Description of the task: Using only the entries below, output the lines starting at the one containing "Bichon Frise Puppies for Sale" and ending at the one containing "f0360815_15320938.jpg", exactly and inclusive of both, omitting the pictures.

Information shown:
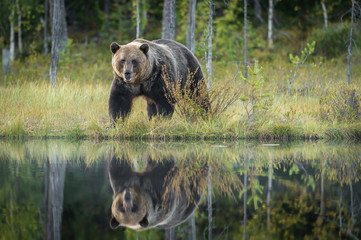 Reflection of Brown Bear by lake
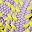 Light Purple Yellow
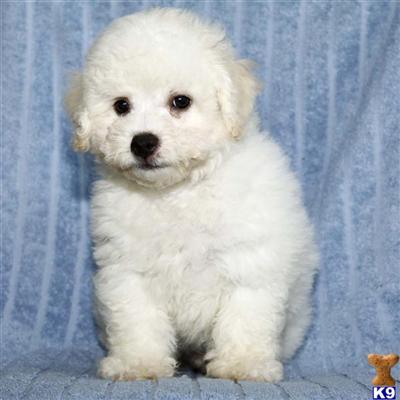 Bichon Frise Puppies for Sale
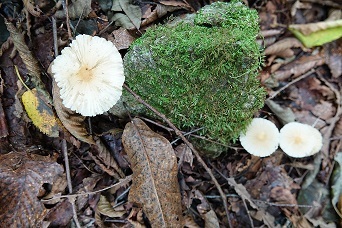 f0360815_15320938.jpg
==
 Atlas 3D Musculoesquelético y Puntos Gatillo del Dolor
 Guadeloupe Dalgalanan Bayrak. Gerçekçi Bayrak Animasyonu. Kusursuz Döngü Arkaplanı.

Result:
 Bichon Frise Puppies for Sale
 f0360815_15320938.jpg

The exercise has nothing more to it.